By Jeff Mullin, Commentary
Fortunately we got to turn our clocks back last night, so we got an extra hour’s sleep last night.
Or not.
Oklahomans, it seems, are not good sleepers. A study by the Centers for Disease Control and Prevention found Oklahomans were in the bottom five when it came to states whose residents got the most sleep.
Oklahoma ranked fourth on the CDC’s snoozing scale, with 14.3 percent of residents reporting they had 30 nights of poor sleep in the last month.
West Virginia is the nation’s sleepiest state, with 19.3 percent of residents saying they didn’t get enough shut-eye. Hawaiians are the most well-rested Americans, with 35.6 percent of that state’s residents reporting they had no sleepless nights in the past month.
So why are Oklahomans so sleep-deprived? This study was conducted in 2008, so anxiety over Sam Bradford’s shoulder or Dez Bryant’s prevarication can’t be blamed.
The researchers didn’t ask why people weren’t getting enough sleep, so they don’t really know why some states are more sleep-starved than others. They did say health factors like obesity, smoking, heart disease and the proportion of adults with disabilities could be a factor.
Diet, financial stress and working odd shifts could play a role, as well. There’s also a correlation between sleep and gender (women get less sleep than men), age (younger people sleep worse than those 65 and older), race (whites sleep better than blacks), education (those with some college sleep better than those without a high school diploma) and marital status (married folks sleep better than those who are divorced, widowed, separated or living together outside of marriage).
I have no problem sleeping.
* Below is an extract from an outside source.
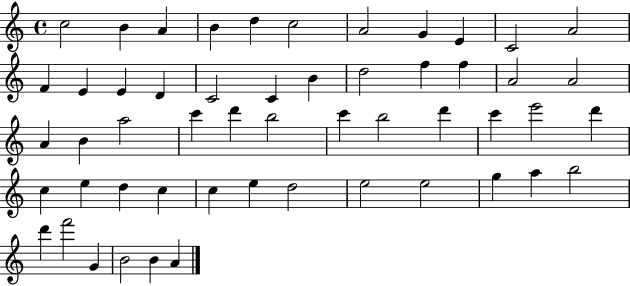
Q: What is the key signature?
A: C major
In fact, my struggle is to stay awake (at least I’ve trained myself not to snore while sleeping upright at my desk, ostensibly deep in thought while staring at my laptop).
I consider myself lucky of an evening if I stay awake long enough to catch the 10 p.m. news. My bride normally doesn’t make it that long.
The scene is a familiar one. We will settle in for a favorite television program, me in the recliner and she on the sofa. At some point I’ll hear gentle snoring coming from across the room. Generally she won’t awaken until after the show ends, at which point she immediately begins quizzing me about what happened. Being a trained journalist, I immediately launch into a detailed description of the show’s plot and any sub-plots. For example, “I don’t know. That one guy with the hair killed that other guy with the glasses, but hair guy got himself a good lawyer and got off, I think. What show were we watching?”
Sleep is good for your health. It makes you more alert, puts you in a better mood, helps lower blood pressure, produces valuable hormones and lowers the risk for heart disease. The old saying about getting your beauty sleep, however, is a myth. I get hours and hours of sleep every night, and look at me.
Letting your bride sleep when she is really, really tired also is good for her health, and yours, too. Such was the case the other morning when I got out of bed, pulled on a robe and tiptoed quietly out of our bedroom, gently closing the door behind me.
I was quietly eating my breakfast in the dining room when all of a sudden came a crash that sounded like something had fallen on the house, like a hippopotamus or something.
I rushed into the bedroom to find my frightened bride, sitting halfway up in bed making little whimpering noises, trying to blink away sleep.
It turns out our cats, with a combined weight of close to 40 pounds, charged headlong down the hallway and hit the closed door at full speed, opening it with a great crash and scaring my bride out of a couple of year’s growth.
To my credit I didn’t laugh, or at least not right away. After all, I don’t sleep well in the garage.